WHAT IS REQUIRED -> Retype the records word for word. Skip every image.

##### MATERIAL FOR THE TASK #####

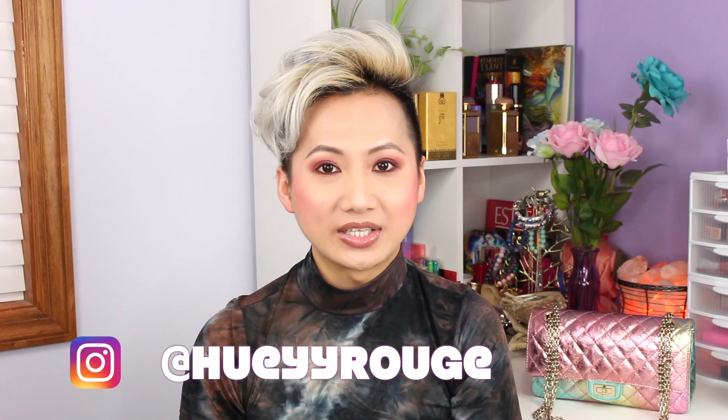Hi everyone, welcome back to my channel. If you're new here, hi, my name is Huey. I hope you guys stick around — subscribe if you haven't already, click on the bell notification to get notified every time I upload a video. Share this video to anyone who loves skincare, and also follow me on Instagram if you haven't already. I am usually pretty active on there.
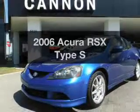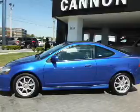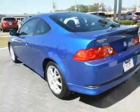Check out this 2006 Acura RSX. If you're looking for a first-rate auto, this one could be yours today. With an efficient four-cylinder engine, the powertrain includes front-wheel drive that gives you more control with its manual transmission.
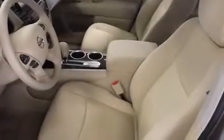Rear seat child-proof door locks, air conditioning with automatic climate control, full-power accessories, and roof rails.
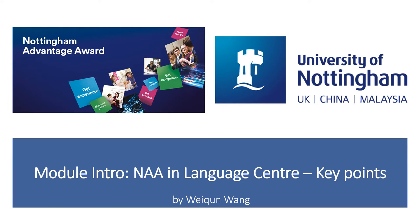Thank you very much for your interest in the NAA study with the Language Centre. My name is Wei-Chun Wang and I'm the current NAA coordinator in the Language Centre. NAA stands for the Nottingham Advantage Award. This award is the university's free employability scheme that helps you prepare for the job market and formally recognise your extracurricular activities.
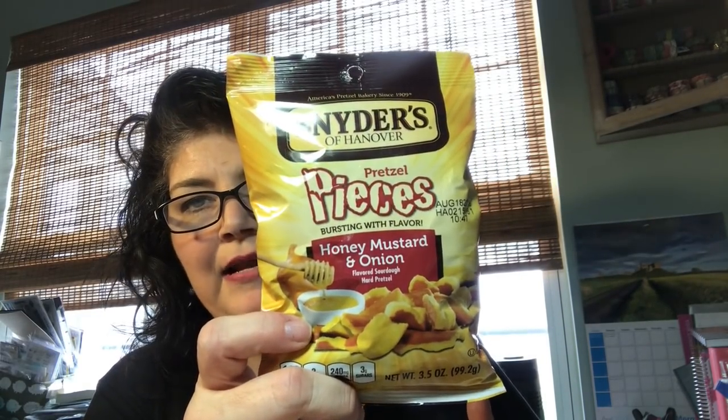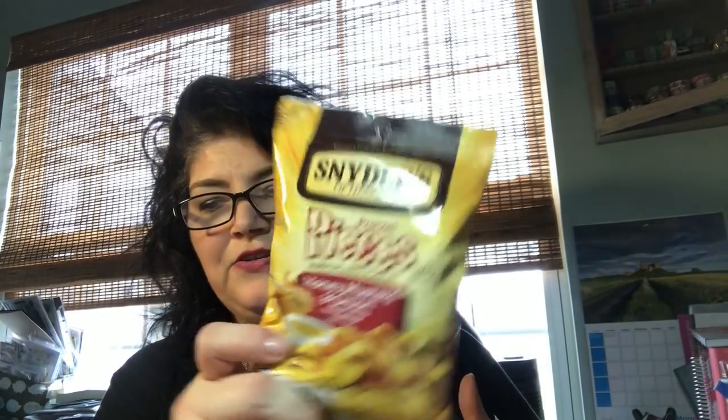I also got this popcorn because we like this popcorn and it's a dollar. It's a bonus bag with 10 ounces of popcorn in it, it's by Brims. If you guys ever see that popcorn, I would recommend it - it is really good. And I thought these would be a nice treat for my son. They are honey mustard and onion hard pretzels.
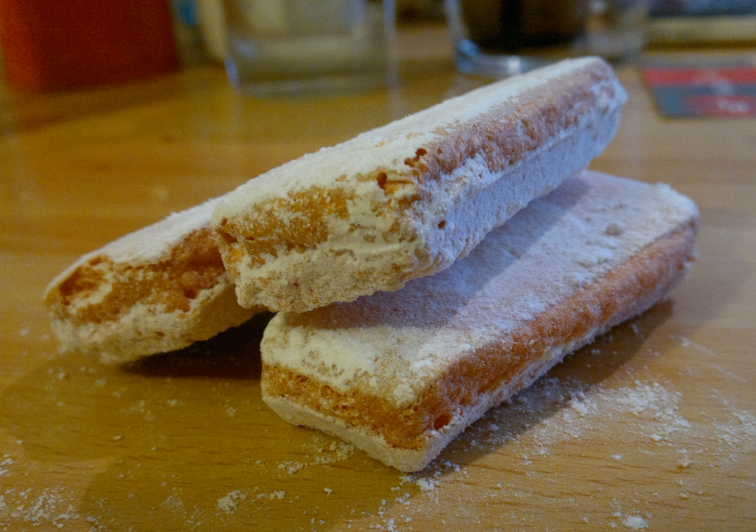Biscuit Rose de Reims is a pink biscuit found in French cuisine, made pink by the addition of carmine.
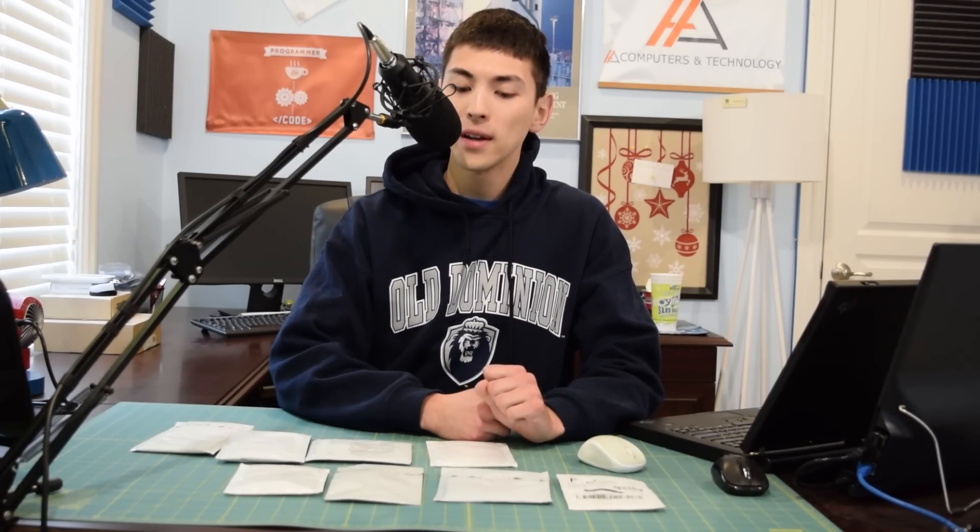Hello guys, and welcome to today's installment of A-Computers and Technology, which is really just for fun, just for kicks. It's been a long time since I published the last failure video - I think it's been about five months at this point.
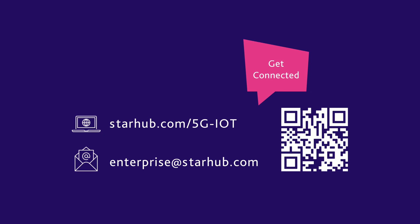Thank you for your time today. I'm happy to share more and discuss further regarding Smart FM. Please connect with us via the methods shown on this slide. Thank you.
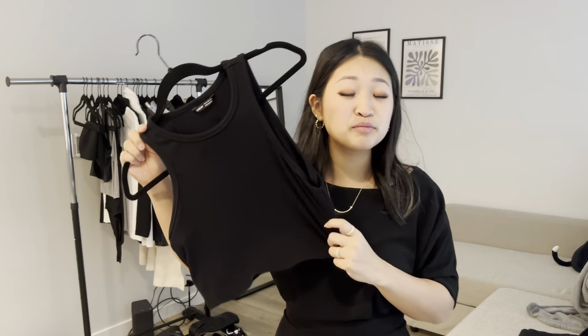For the next couple of outfits I'm just gonna use this regular black muscle tank top. Everyone has these — if you don't, they sell them super cheap on Amazon or even Aritzia, I think it's only like $20. I'm gonna style this up in about four different ways.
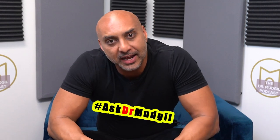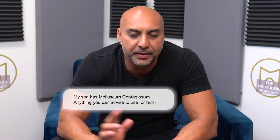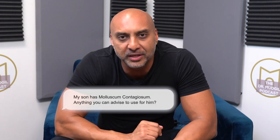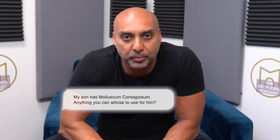Our next question in the #AskDrBuddGill series comes from username kisspiss12. They believe their son has molluscum contagiosum on his neck, it continues to spread, and they want to know if there's anything they can do about it.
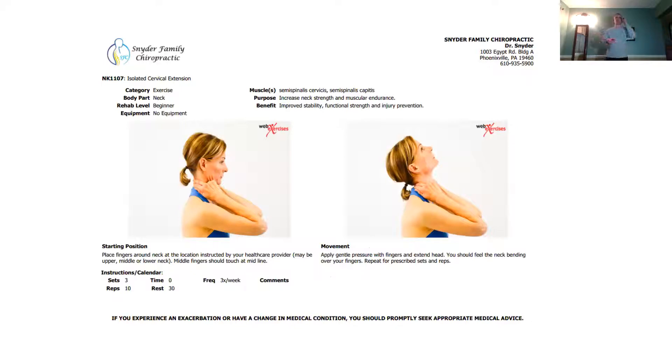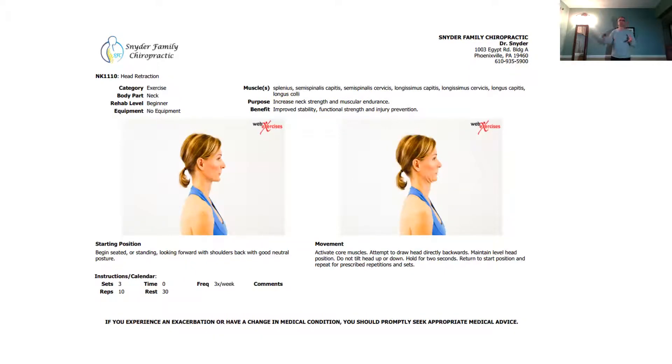The first exercise is a cervical extension. Place your hands on your neck, put some pressure there, and as you push back you'll feel the stretch over that point. Move your hands a little higher and do the same thing. The instructions for how often and how many repetitions are on the handout — in this case, 10 seconds for 3 sets. This is also called the head retraction or turtleneck exercise.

#####

EXERCISE RESPONSE ->
Hi everyone, welcome back to my channel. If you're new here, hi, my name is Huey. I hope you guys stick around — subscribe if you haven't already, click on the bell notification to get notified every time I upload a video. Share this video to anyone who loves skincare, and also follow me on Instagram if you haven't already. I am usually pretty active on there.
Check out this 2006 Acura RSX. If you're looking for a first-rate auto, this one could be yours today. With an efficient four-cylinder engine, the powertrain includes front-wheel drive that gives you more control with its manual transmission.
Rear seat child-proof door locks, air conditioning with automatic climate control, full-power accessories, and roof rails.
Thank you very much for your interest in the NAA study with the Language Centre. My name is Wei-Chun Wang and I'm the current NAA coordinator in the Language Centre. NAA stands for the Nottingham Advantage Award. This award is the university's free employability scheme that helps you prepare for the job market and formally recognise your extracurricular activities.
I also got this popcorn because we like this popcorn and it's a dollar. It's a bonus bag with 10 ounces of popcorn in it, it's by Brims. If you guys ever see that popcorn, I would recommend it - it is really good. And I thought these would be a nice treat for my son. They are honey mustard and onion hard pretzels.
Biscuit Rose de Reims is a pink biscuit found in French cuisine, made pink by the addition of carmine.
Hello guys, and welcome to today's installment of A-Computers and Technology, which is really just for fun, just for kicks. It's been a long time since I published the last failure video - I think it's been about five months at this point.
Thank you for your time today. I'm happy to share more and discuss further regarding Smart FM. Please connect with us via the methods shown on this slide. Thank you.
For the next couple of outfits I'm just gonna use this regular black muscle tank top. Everyone has these — if you don't, they sell them super cheap on Amazon or even Aritzia, I think it's only like $20. I'm gonna style this up in about four different ways.
Our next question in the #AskDrBuddGill series comes from username kisspiss12. They believe their son has molluscum contagiosum on his neck, it continues to spread, and they want to know if there's anything they can do about it.
The first exercise is a cervical extension. Place your hands on your neck, put some pressure there, and as you push back you'll feel the stretch over that point. Move your hands a little higher and do the same thing. The instructions for how often and how many repetitions are on the handout — in this case, 10 seconds for 3 sets. This is also called the head retraction or turtleneck exercise.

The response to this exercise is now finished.